Allow yourself to experience your feelings.
Allow yourself to grieve. It is the way to let go.

 

Personal Journal Entries

Entry #1
:
Letting Go

I don’t understand why I feel so much pain
lately. Why do I feel this way?

(My wise, inner voice): You have decided that
you will never again accept abuse from other people. There’s no
reason to hold onto your pain anymore. You can let go of it. When
you reject abuse from others, it means you are ready to begin to
release the pain of your past.

It’s true. I have decided that I will no
longer accept abuse from others. I have decided that my self-esteem
is more important than any relationship.

I need to let go of my fears, and the only
way to do that is to allow myself to feel them.

Fear keeps me holding on. Fear makes me want
to numb my feelings. Fear keeps me in addiction and despair. Fear
pushes me to try and control things I cannot and should not
control.

(My wise, inner voice): You can let go of
your fear. You can allow yourself to feel your pain. This is a
natural process.

The core of this issue is my desire to
control the way I feel. I don’t always need to be in control.

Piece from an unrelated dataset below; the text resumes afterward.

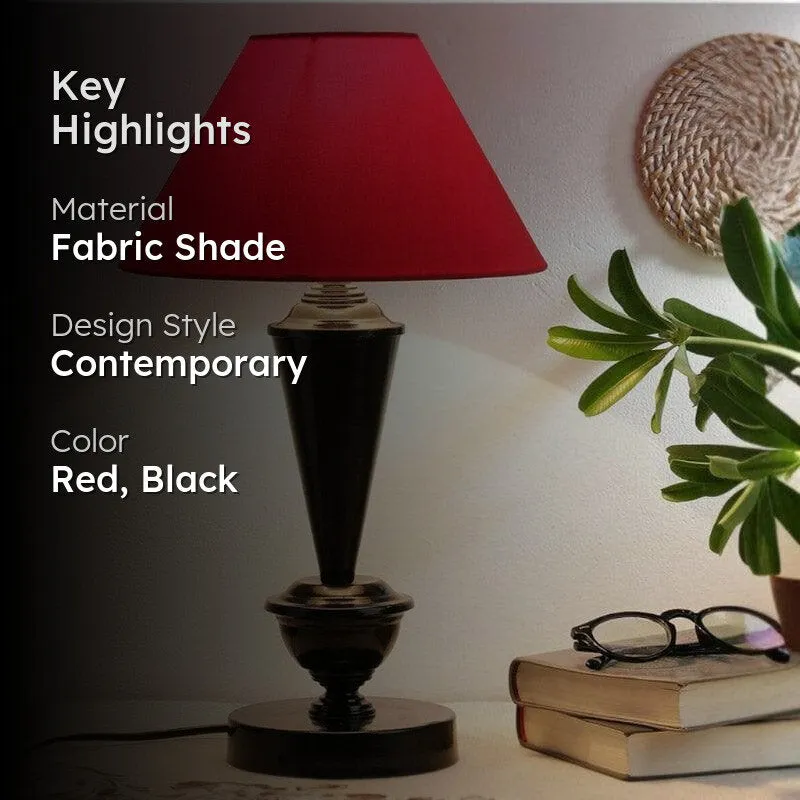 Rosa Facy Fabric Table Lamp - Red,Black media 2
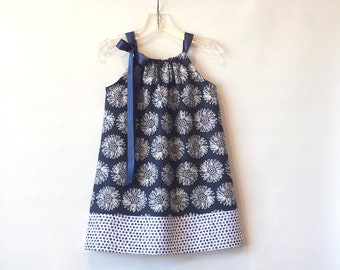 Girls Navy Blue Dress with White Dasies, Cute Pillowcase Dress with Daisies & Polka Dots, Handmade Summer Dress, Family Photos, Size 12m-10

I can
allow myself to feel afraid. I can allow myself to cry. I can allow
myself to let go.

 

Exercise 13-1

Grieving Exercises

1. Ask yourself if there’s anything you need
to grieve. Is there any pain you’ve been holding onto or avoiding?
Something you haven’t wanted to face about the abuse or your
childhood? Take this opportunity to let go. Cry and release in a
safe place if you need to.

2. Take some time to think about your
relationship with your abuser or abusers. Who were they? What was
their relationship to you? How did they treat you? Did you ever
wish they had been different? Do you still wish they were someone
they can never be? Cry and release in a safe place if you need
to.

3. Think about your childhood. What was it
like? Were you made to act like an adult at a young age? Did you
have a traditional childhood, or was it cut short? Did you lose
your innocence or your dreams for a better life? Cry and release in
a safe place if you need to.

4. Think about the abuse. Was it painful?
Were you afraid? What hurt the most? The physical abuse, the
emotional pain, the fear, or the betrayal? Cry and release in a
safe place if you need to.

5. Think for a moment about how you have
treated yourself as a result of the abuse. Have you hurt yourself
with addictions? Have you put yourself in unsafe situations? Have
you subjected yourself to further abuse? Cry and release in a safe
place if you need to.

 

Stepping Stones to Health

Grieving

-Try to identify where you are in the
stepping-stones to health, and the next step or steps you need to
take.

_____ 1. I still carry the pain and grief of
my past, but I’m not ready to release it.

_____ 2. I don’t like the pain and grief of
my past, yet I’m afraid of crying or letting go.

_____ 3. I have learned that if you bottle up
your pain, you will never get past it.

_____ 4. There have been times when I felt so
much pain that I couldn’t hold on to it anymore and I cried.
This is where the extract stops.